One issue though kept me working for a few days. The indexing process kept
crashing randomly at an interval of a few thousands documents, segfaulting
on a bad pointer. An access to the configuration data structure seemed to
be involved, but, as each thread was supposed to have its own copy, I was
out of ideas.
After reviewing all the uses for the configuration data (there are quite a
few), the problem was finally revealed to lie with the filter process
cache. Each filter structure stored in the cache stores a pointer to a
configuration structure. This belonged to the thread which initially
created the filter. But the filter would often be reused by a different
thread, with the consequence that the configuration object was now accessed
and modified by two unsynchronized threads... Resetting the config pointer
at the time of filter reuse was the
https://bitbucket.org/medoc/recoll/commits/943de4b78818079b0eb6ffd0fcbdfdd0746b4a40[ridiculously
simple (almost)single-line fix] to this evasive problem.

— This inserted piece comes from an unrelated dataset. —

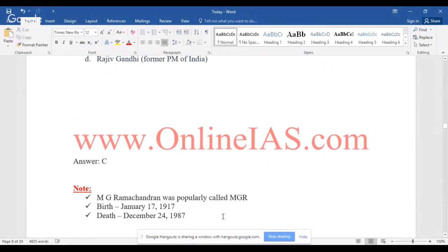MG Ramachandran was popularly called MGR. He was born on January 17th, 1917, and passed away on December 24th, 1987.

Looking at multi-threaded stack dumps is mostly fun for people with several
heads, which is unfortunately not my case, so I was quite elated when this
was over.
=== Fork performance issues
On a quite unrelated note, something that I discovered while evaluating the
program performance is that forking a big process like `recollindex` can be
quite expensive. Even if the memory space of the forked process is not
copied (it's Copy On Write, and we write very little before the following
exec), just duplicating the memory maps can be slow when the process uses a
few hundred megabytes.
I modified the single-threaded version of `recollindex` to use *vfork*
instead of *fork*, but this can't be used with multiple threads (no
modification of the process memory space is allowed in the child between
*vfork* and *exec*, so we'd have to have a way to suspend all the threads
first).
I did not implement a solution to this issue, and I don't think
that a simple one exists. The workaround is to use modest *Xapian* flush
values to prevent the process from becoming too big.
A longer time solution would be to implement a small slave process to do
the executing of ephemeral external commands.